■ **TASK INSTRUCTIONS**: There is material below. Print exactly the lines starting at the line with "Sandálias femininas com laço LX2350BE bege 1 Sandálias" and ending at the line with "me+em select(ミームセレクト)の「※※【 5color", ends included, and no others.
·····
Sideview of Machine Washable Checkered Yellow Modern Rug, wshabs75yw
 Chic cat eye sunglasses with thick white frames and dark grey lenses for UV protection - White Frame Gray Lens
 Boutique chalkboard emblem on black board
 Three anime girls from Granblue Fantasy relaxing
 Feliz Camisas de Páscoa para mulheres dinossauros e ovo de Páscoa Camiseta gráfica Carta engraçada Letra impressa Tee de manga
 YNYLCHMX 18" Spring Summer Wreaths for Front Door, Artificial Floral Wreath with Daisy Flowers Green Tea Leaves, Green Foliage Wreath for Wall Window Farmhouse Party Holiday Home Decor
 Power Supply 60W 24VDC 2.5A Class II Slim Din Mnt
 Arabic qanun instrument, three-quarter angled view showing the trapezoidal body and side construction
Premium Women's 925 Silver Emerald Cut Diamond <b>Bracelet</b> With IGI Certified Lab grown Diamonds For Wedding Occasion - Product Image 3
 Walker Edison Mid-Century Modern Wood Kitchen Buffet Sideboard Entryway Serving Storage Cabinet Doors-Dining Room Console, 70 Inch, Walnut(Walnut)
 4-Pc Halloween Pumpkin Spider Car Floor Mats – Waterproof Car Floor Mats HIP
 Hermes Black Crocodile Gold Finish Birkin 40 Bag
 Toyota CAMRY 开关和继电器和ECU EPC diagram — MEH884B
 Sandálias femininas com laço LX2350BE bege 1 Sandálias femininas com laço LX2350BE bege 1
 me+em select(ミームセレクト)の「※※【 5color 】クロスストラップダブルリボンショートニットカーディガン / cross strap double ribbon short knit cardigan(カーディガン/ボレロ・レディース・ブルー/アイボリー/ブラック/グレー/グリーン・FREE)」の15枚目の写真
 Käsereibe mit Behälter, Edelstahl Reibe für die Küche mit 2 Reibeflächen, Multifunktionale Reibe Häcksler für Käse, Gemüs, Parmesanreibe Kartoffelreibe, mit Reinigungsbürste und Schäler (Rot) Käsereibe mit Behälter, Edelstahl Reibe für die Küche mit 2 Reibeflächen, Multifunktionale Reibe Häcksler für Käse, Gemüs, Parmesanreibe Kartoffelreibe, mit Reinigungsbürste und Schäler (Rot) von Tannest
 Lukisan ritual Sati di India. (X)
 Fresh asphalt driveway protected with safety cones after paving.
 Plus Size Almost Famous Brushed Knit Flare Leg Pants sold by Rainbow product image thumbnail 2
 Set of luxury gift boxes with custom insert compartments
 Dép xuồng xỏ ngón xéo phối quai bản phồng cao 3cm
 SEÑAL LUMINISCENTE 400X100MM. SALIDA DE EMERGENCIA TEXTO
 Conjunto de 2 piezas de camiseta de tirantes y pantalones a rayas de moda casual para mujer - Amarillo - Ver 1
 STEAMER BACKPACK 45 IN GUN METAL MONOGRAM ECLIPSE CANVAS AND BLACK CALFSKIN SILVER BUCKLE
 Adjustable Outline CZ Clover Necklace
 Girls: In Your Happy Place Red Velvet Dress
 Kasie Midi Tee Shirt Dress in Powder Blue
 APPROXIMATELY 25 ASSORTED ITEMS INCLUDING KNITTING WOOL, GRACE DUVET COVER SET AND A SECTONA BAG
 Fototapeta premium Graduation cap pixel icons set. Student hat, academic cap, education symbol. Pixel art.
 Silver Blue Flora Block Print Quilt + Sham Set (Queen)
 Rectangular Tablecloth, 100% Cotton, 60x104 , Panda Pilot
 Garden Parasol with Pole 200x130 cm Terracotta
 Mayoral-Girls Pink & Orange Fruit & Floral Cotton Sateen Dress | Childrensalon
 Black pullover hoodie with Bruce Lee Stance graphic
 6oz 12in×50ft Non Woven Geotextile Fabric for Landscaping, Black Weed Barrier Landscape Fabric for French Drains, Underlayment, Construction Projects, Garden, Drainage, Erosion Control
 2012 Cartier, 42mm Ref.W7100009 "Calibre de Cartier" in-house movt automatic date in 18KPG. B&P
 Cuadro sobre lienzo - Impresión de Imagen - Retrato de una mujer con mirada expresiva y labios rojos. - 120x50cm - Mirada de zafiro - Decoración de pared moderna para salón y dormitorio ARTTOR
·····
■ **ANSWER SECTION**:
 Sandálias femininas com laço LX2350BE bege 1 Sandálias femininas com laço LX2350BE bege 1
 me+em select(ミームセレクト)の「※※【 5color 】クロスストラップダブルリボンショートニットカーディガン / cross strap double ribbon short knit cardigan(カーディガン/ボレロ・レディース・ブルー/アイボリー/ブラック/グレー/グリーン・FREE)」の15枚目の写真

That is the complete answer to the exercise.